- Exercise prompt
Under this line are the records; write out word for word the part that begins at the line containing "Asics buty sportowe" and ends at the line containing "Edital do convocação", and no more.

- Dataset entries
▼▼▼
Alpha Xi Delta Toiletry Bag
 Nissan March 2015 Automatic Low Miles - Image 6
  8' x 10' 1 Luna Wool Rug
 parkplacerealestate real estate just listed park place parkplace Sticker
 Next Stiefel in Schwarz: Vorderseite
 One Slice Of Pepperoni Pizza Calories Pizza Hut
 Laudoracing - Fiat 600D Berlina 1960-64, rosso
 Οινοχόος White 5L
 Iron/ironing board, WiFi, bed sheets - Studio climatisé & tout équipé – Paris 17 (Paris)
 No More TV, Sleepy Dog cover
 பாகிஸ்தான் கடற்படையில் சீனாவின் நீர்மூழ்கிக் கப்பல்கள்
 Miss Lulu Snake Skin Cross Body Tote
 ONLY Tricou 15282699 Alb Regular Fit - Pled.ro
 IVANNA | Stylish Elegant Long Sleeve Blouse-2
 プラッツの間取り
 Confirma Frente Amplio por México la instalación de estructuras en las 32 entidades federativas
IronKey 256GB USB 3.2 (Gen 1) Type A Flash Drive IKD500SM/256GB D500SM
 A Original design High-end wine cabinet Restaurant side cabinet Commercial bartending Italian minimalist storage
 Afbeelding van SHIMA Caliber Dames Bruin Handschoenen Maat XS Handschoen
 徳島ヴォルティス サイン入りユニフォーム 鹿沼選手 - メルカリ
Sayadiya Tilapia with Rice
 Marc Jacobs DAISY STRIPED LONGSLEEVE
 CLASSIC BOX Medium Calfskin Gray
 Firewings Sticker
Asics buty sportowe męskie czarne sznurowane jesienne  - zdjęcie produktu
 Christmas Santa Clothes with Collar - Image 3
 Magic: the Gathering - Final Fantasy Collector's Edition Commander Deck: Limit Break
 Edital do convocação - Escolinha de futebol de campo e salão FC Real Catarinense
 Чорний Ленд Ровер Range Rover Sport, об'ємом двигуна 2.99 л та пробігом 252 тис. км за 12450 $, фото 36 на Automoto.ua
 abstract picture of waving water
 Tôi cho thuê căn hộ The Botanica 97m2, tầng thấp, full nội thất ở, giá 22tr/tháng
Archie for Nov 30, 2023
▲▲▲
- Exercise result
Asics buty sportowe męskie czarne sznurowane jesienne  - zdjęcie produktu
 Christmas Santa Clothes with Collar - Image 3
 Magic: the Gathering - Final Fantasy Collector's Edition Commander Deck: Limit Break
 Edital do convocação - Escolinha de futebol de campo e salão FC Real Catarinense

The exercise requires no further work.